Faced with this slump, several memory chipmakers are reining in capital spending.

Micron Technology CEO Sanjay Mehrotra said last month there was a major imbalance between supply and demand in both DRAM and NAND. He said his company will reduce capital investment by approximately 40% for the fiscal year ending August.
Samsung’s South Korean rival SK Hynix said it will reduce capital spending by more than 50% in 2023, while Japan’s Kioxia Holdings plans to cut output. Taiwan Semiconductor Manufacturing Co, a global leader in contract chipmaking, said it will cut back on investments as well.
But Samsung appears to be sticking with its investment plans. Multiple suppliers say the company continues to purchase new equipment, mostly for cutting-edge chips.
The company has said it will continue to prepare for a market recovery from a medium- to long-term perspective.
Samsung is no stranger to investing under adversity. It has led the global memory market for years by spending during lean times to outcompete rivals in the next boom.
Investing when few others are allows Samsung to negotiate favourable prices and delivery schedules with suppliers. Samsung is eager to secure advanced chipmaking equipment against fierce competition to catch up to TSMC on cutting-edge chips.
Tougher US restrictions against Chinese semiconductor companies also give Samsung a window to head off potential threats from up-and-coming Chinese rivals, like Semiconductor Manufacturing International Corp and Yangtze Memory Technologies Corp.

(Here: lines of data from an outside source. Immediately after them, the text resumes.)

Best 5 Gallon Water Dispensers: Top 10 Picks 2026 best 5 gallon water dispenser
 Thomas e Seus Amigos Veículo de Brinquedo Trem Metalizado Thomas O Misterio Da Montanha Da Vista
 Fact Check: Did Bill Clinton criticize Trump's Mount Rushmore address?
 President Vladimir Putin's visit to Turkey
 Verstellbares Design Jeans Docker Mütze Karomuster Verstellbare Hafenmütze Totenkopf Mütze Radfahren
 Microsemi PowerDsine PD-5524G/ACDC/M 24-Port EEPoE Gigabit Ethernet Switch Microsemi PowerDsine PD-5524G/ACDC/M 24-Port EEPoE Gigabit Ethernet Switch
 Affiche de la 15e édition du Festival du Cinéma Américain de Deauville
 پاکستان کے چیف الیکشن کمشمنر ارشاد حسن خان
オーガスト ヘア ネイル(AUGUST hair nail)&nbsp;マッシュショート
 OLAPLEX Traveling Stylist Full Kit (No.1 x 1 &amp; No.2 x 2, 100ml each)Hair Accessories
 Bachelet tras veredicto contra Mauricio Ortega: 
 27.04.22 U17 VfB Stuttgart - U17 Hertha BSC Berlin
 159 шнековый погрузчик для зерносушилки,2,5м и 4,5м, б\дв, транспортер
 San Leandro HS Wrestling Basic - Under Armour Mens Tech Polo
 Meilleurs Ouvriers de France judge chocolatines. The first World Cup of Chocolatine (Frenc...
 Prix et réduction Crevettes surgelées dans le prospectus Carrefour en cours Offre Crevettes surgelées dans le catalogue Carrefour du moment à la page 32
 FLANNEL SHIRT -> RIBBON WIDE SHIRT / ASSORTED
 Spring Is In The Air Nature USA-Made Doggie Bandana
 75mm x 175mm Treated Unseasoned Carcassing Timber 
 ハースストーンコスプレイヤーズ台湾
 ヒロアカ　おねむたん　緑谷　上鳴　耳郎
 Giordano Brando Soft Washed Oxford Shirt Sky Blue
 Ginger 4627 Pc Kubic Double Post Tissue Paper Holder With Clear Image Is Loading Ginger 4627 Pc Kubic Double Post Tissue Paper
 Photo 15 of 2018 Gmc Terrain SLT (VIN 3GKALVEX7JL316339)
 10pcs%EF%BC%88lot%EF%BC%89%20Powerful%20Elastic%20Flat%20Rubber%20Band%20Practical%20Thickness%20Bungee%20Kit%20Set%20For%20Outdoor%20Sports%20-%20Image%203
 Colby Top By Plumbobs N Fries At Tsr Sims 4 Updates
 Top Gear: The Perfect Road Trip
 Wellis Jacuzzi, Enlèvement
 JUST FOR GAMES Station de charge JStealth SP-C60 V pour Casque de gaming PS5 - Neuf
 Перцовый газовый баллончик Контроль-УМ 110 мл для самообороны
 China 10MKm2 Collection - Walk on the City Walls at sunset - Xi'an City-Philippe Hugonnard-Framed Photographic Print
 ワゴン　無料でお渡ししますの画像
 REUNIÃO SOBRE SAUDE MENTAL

Meanwhile, the South Korean government has lent its support. It announced plans Tuesday to expand the tax deduction for capital spending in strategic technology, like semiconductors and batteries, to 15% from 8%.
Samsung has continued to expand its chip production complex in Pyeongtaek at breakneck speed. The framework of its fourth plant there is nearing completion just months after a third was announced to have come online in September. The campus is eventually expected to house six large-scale plants to become the world’s largest chipmaking hub.
Samsung’s strategy is made possible by the size of its war chest. Samsung held around 128.8 trillion won, or US$101 billion, in cash as of the end of September – about 10 times more than rivals SK Hynix or Micron, though the figures cannot be compared directly due to different accounting standards.
Yet a protracted downturn in semiconductor demand could weaken Samsung’s seemingly solid position. Interest rate hikes in the US and Europe and the war in Ukraine have weighed on global consumption and investment. Increased production by Samsung, one of the world’s largest chipmakers, could fuel a further supply glut in memory chips.